# Prove that 2 is a primitive root modulo p.

• Mar 21st 2010, 04:17 PM
NikoBellic
Prove that 2 is a primitive root modulo p.
Suppose q is a prime and p=4q+1 is a prime. Prove that 2 is a primitive root modulo p.
• Mar 21st 2010, 05:51 PM
chiph588@
Quote:

Originally Posted by NikoBellic
Suppose q is a prime and p=4q+1 is a prime. Prove that 2 is a primitive root modulo p.

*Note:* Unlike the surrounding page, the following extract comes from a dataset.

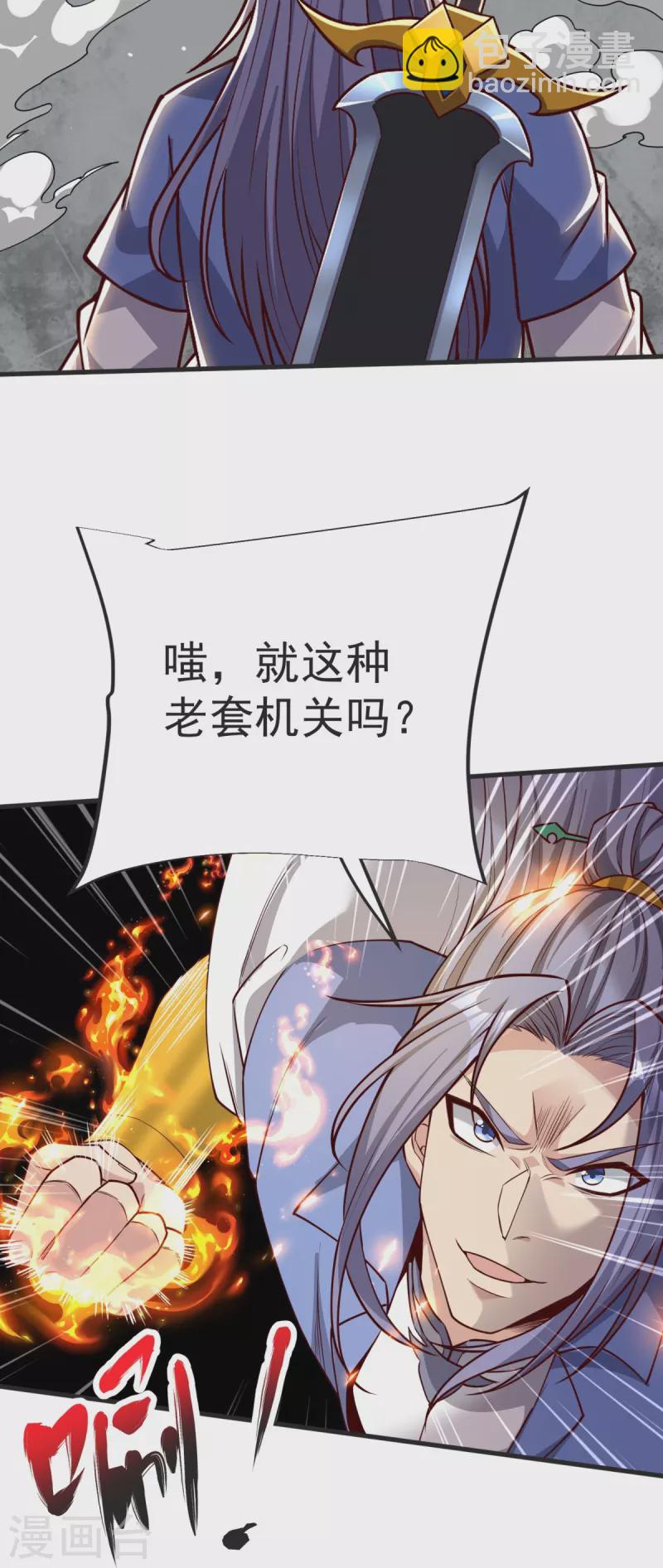 第34话 试炼开始-第35话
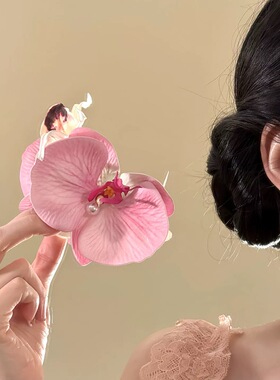云间粉蝶 2026粉色花朵发夹蝴蝶兰抓夹大花朵头饰永生花鲨鱼夹发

First observe that $\displaystyle 2^{\frac{p-1}{2}}\equiv\pm 1 \mod{p}$.

In this case, $\displaystyle 2$ is a primitive root if and only if $\displaystyle 2^{\frac{p-1}{2}}\equiv -1 \mod{p}$. (Ask if you'd like to see the proof of this.)

Assume otherwise, so $\displaystyle 2^{\frac{p-1}{2}}\equiv 1 \mod{p}$.
Note $\displaystyle \frac{p-1}{2} = 2q$.

Now by Euler's Criterion, $\displaystyle 2^{2q}\equiv 1\mod{p} \iff \left(\frac{2}{p}\right)=1$

$\displaystyle \left(\frac{2}{p}\right)=1 \implies p\equiv 1 \text{ or } 7\mod{8}$. Since $\displaystyle p\equiv 1 \mod{4} \implies p\equiv 1 \text{ or } 5 \mod{8}$. Thus $\displaystyle p\equiv 1\mod{8} \implies 8\mid p-1 \implies 8\mid 4q \implies 2\mid q \implies q=2$, which is a contradiction since $\displaystyle 4\cdot 2+1 =9$ is not prime.

Thus $\displaystyle 2^{\frac{p-1}{2}} \not\equiv 1 \mod{p} \implies 2^{\frac{p-1}{2}}\equiv -1 \mod{p} \implies 2$ is a primitive root modulo $\displaystyle p$.